I’ve never been to a foreign country, but the idea of being a foreigner myself is probably the most alluring prospect. It will be nice to live for a while in a world that does not really expect me to understand it.
I joined the Church largely through books. I didn’t like most of the Mormons I knew, and they didn’t seem to like me. It was always puzzling to me that we could agree perfectly on these odd, specific, unpopular doctrines that absolutely nobody else seemed to find persuasive, while connecting on seemingly no other grounds whatsoever, and in fact finding each other vaguely offensive.
The temptation was (and is) to believe that those Mormons were not really sincere; they were the blinkered, flabby heirs of a tradition that they did not appreciate or even really understand. Like the Eloi in The Time Machine, their forbears built this magnificent edifice of ideas, which they use as casually and incuriously as one uses a microwave oven.

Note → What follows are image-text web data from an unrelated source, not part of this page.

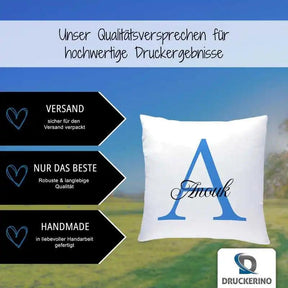 Namenskissen | Motiv 3 | Anouk - Druckerino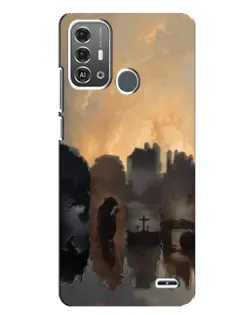 Чохол для ZTE Blade A53 Pro з картинкою «Дорога до віри»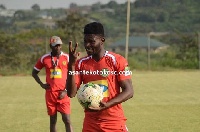 Asante Kotoko midfielder, Kwame Bonsu
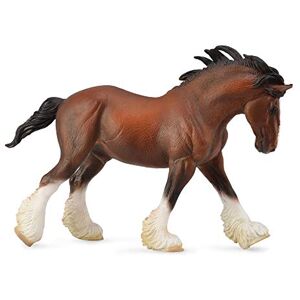 Collecta Col88621 Etalon Clydesdale Baie Taille XL - Publicité Collecta Col88621 Etalon Clydesdale Baie Taille XL - Publicité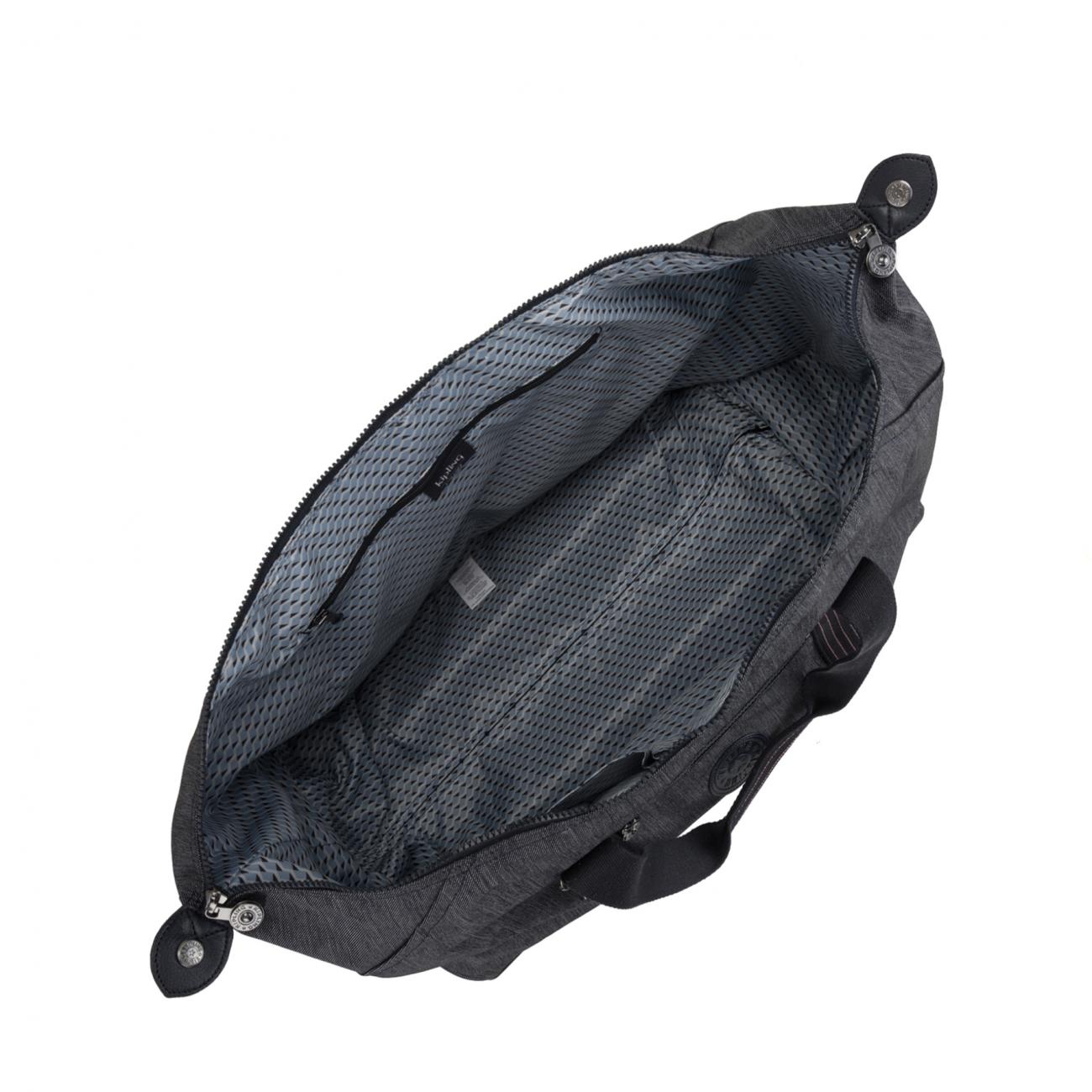 Kipling Borsone Art on Wheels M Denim - 7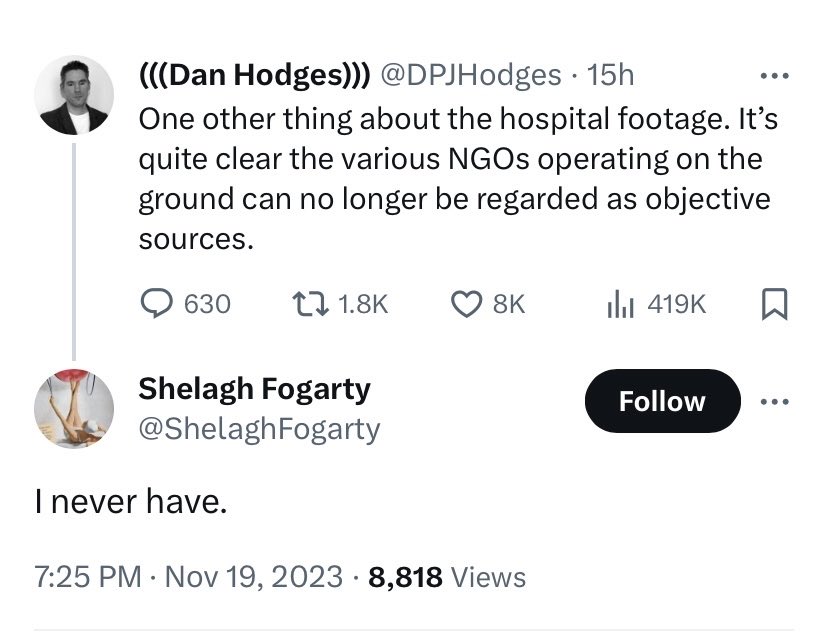 Don’t forget these people and what they said.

So I came here looking for my “tribe”. If I could find it anywhere, it would be here (and conversely, if I couldn’t find it here…)
Of course, I discovered that feeling alienated at BYU is actually one of the more authentic, nigh-universal rites of passage for LDS young people. Paradoxically, it’s the expectation of belonging that makes it so lonely–if even the Mormons don’t get you, you must be a real weirdo.
That’s why it will be so enjoyable to live in a foreign country. They won’t make sense to me, and I won’t make sense to them, and there will be no existential loneliness about it. In all these cultural training meetings they keep talking about the horrors of culture shock, but to me it just sounds like Provo.